Growing up in Flanders, I attended a traditional boarding school throughout the equivalent of Junior High and High School. In the evenings, after completing our schoolwork, we gathered in a recreation room reserved for our grade. The room had one TV set, but viewing was strictly limited—certainly no chance to binge-watch anything. Instead, our binge behaviors manifested differently. We would obsessively play billiards every evening for weeks until group dynamics abruptly shifted us to Fussball, ping pong, or various card games, each obsession lasting days or even weeks.
The room also held stacks of current and older issues of Flemish equivalents to magazines like Popular Science and Popular Mechanics. Those pages were windows into another world—bright visions of the future filled with moon bases, Mars missions, supersonic travel, and gleaming technology. Reading these magazines sparked my imagination, convincing me that such a future was imminent. Looking back, maybe this type of immersive reading was also a form of bingeing—though no one ever called it that.

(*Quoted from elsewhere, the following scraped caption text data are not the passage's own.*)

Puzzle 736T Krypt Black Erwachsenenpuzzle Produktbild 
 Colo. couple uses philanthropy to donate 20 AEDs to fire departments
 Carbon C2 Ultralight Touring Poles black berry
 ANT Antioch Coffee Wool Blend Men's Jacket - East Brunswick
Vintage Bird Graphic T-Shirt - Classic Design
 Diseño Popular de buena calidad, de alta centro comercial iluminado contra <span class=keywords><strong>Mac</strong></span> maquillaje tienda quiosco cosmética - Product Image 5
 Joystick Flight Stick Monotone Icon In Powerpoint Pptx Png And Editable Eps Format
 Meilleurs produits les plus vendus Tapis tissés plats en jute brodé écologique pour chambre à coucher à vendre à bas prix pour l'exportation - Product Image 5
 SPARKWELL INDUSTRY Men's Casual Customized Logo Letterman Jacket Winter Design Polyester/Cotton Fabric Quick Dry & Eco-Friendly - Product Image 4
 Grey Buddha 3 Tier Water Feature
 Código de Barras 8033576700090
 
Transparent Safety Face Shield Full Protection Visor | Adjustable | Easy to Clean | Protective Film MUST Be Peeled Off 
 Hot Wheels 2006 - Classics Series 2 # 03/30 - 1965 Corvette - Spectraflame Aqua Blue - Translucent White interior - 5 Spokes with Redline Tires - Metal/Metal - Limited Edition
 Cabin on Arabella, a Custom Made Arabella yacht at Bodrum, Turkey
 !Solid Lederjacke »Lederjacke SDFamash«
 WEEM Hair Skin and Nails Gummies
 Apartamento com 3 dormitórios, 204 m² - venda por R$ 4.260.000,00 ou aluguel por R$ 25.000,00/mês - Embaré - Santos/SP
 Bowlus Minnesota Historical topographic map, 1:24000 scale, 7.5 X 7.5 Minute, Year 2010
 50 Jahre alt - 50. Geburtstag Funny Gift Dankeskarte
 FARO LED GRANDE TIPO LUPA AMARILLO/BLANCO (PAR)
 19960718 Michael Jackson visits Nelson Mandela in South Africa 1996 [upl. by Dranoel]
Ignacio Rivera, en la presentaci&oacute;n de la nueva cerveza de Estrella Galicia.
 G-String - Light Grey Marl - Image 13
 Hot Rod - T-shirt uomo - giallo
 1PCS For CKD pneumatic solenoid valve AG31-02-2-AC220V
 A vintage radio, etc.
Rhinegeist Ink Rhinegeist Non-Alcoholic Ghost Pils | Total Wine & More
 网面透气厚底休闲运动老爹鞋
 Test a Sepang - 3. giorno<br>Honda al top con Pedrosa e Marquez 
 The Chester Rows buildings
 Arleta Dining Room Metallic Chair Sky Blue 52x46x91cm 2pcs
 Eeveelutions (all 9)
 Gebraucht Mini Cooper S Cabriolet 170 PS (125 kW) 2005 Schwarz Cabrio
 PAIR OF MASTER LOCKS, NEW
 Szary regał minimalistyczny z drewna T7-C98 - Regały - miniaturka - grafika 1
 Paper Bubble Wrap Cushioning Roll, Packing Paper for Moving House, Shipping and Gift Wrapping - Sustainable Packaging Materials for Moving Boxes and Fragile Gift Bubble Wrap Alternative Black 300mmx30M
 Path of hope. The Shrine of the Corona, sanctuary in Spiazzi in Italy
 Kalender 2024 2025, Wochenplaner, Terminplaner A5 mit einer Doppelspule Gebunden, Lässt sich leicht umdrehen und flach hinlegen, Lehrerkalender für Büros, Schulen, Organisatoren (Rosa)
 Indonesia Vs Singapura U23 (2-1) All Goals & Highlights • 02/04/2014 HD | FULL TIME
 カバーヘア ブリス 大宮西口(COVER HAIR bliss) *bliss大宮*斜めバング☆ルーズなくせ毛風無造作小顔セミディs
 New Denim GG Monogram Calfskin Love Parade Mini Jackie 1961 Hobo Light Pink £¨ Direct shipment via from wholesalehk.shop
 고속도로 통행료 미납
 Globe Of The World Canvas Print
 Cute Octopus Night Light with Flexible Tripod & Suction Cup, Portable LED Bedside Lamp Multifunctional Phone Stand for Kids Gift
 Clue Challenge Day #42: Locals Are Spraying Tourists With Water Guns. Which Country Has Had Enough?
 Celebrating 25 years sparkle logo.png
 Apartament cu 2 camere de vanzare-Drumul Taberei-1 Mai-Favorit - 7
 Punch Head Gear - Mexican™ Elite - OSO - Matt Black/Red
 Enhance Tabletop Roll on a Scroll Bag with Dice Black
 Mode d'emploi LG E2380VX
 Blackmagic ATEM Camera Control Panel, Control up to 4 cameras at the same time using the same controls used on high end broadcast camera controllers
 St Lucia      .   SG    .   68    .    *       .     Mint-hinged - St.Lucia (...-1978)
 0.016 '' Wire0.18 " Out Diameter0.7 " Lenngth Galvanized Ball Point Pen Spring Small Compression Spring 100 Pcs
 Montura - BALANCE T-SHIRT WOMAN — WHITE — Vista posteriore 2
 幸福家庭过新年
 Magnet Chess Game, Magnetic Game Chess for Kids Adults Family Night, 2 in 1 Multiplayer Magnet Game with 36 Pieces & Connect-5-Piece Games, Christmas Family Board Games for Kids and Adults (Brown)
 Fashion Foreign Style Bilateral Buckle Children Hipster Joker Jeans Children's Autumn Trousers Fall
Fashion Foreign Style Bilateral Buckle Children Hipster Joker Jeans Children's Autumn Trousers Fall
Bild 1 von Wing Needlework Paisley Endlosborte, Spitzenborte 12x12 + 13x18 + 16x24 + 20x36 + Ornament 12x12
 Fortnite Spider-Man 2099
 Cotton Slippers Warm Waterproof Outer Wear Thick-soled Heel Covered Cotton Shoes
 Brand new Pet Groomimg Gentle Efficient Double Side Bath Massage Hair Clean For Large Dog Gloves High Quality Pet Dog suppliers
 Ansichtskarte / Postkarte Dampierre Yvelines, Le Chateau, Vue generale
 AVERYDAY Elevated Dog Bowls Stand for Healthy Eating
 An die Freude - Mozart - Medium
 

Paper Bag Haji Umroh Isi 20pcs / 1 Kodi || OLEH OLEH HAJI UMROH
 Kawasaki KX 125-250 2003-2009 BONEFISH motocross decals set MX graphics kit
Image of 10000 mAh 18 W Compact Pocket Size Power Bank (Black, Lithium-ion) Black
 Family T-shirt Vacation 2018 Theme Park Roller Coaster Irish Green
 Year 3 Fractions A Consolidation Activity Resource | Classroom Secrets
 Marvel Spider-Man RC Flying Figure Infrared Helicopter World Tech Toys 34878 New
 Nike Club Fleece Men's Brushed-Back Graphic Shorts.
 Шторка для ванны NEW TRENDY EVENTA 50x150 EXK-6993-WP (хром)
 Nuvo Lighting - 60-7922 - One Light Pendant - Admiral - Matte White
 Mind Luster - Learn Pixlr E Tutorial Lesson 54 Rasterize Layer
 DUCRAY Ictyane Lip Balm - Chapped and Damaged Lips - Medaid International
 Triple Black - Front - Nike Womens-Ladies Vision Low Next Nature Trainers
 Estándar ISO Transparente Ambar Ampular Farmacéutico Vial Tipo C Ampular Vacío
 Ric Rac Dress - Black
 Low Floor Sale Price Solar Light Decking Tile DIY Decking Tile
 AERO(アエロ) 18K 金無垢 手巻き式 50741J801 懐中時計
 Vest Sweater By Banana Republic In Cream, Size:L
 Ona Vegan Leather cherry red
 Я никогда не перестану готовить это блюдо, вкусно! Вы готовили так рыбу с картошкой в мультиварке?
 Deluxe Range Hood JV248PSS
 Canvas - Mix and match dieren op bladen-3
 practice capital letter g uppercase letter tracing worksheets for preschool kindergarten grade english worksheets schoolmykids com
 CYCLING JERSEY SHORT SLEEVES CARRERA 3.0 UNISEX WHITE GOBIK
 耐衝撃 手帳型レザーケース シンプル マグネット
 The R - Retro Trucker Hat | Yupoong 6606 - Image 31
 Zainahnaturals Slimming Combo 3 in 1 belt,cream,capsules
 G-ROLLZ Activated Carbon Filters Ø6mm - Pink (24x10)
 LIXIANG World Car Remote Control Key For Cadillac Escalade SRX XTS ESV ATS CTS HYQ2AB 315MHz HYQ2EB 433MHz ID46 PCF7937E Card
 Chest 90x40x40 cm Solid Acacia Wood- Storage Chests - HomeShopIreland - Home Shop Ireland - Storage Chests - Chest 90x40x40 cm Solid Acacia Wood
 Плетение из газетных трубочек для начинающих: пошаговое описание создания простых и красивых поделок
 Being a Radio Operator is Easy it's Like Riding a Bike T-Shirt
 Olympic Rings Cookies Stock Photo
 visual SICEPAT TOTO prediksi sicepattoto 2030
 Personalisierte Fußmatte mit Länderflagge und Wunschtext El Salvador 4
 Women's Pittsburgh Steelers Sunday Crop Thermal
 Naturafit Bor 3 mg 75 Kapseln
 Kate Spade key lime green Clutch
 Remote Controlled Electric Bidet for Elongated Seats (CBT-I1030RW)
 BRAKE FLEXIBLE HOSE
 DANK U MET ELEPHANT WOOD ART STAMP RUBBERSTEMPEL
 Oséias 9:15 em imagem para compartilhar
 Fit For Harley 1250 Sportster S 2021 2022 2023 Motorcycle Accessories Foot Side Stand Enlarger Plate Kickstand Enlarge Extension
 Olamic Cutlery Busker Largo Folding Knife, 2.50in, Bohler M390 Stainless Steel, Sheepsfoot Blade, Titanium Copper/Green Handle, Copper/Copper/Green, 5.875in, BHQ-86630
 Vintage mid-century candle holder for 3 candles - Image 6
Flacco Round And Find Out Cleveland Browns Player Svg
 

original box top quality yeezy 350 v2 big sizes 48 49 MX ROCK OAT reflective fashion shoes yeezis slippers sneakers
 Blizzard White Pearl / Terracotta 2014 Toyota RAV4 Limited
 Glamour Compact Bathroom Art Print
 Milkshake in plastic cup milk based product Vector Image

Lately, I've been binge-watching the TV series For All Mankind. Yesterday, one particular scene featured technology that transported me right back to that recreation room and those magazines. Suddenly, I realized why this show resonates so deeply: it triggers nostalgia for a future that never arrived—a future I genuinely yearned for. Back then, Concorde was still flying, and faster, more luxurious air travel felt inevitable. Space exploration seemed easily within reach. Yet somehow, that ambitious vision slipped through our fingers.
Reflecting on this made me think about George Gerbner's cultivation theory—the idea that repeated exposure to certain narratives shapes our perception of the world. Perhaps my immersion in magazines like Popular Science and Popular Mechanics cultivated more than curiosity; it shaped real expectations about the future. For All Mankind hits home so powerfully because it seems to map out all those expectations I dreamed of.
Those magazines didn't just entertain me; they constructed an imagined future so vivid that its absence now feels like loss. Strangely, my nostalgia isn't for the past itself but for an idealized vision that never materialized. I ache not for what we lost, but for what we never quite achieved.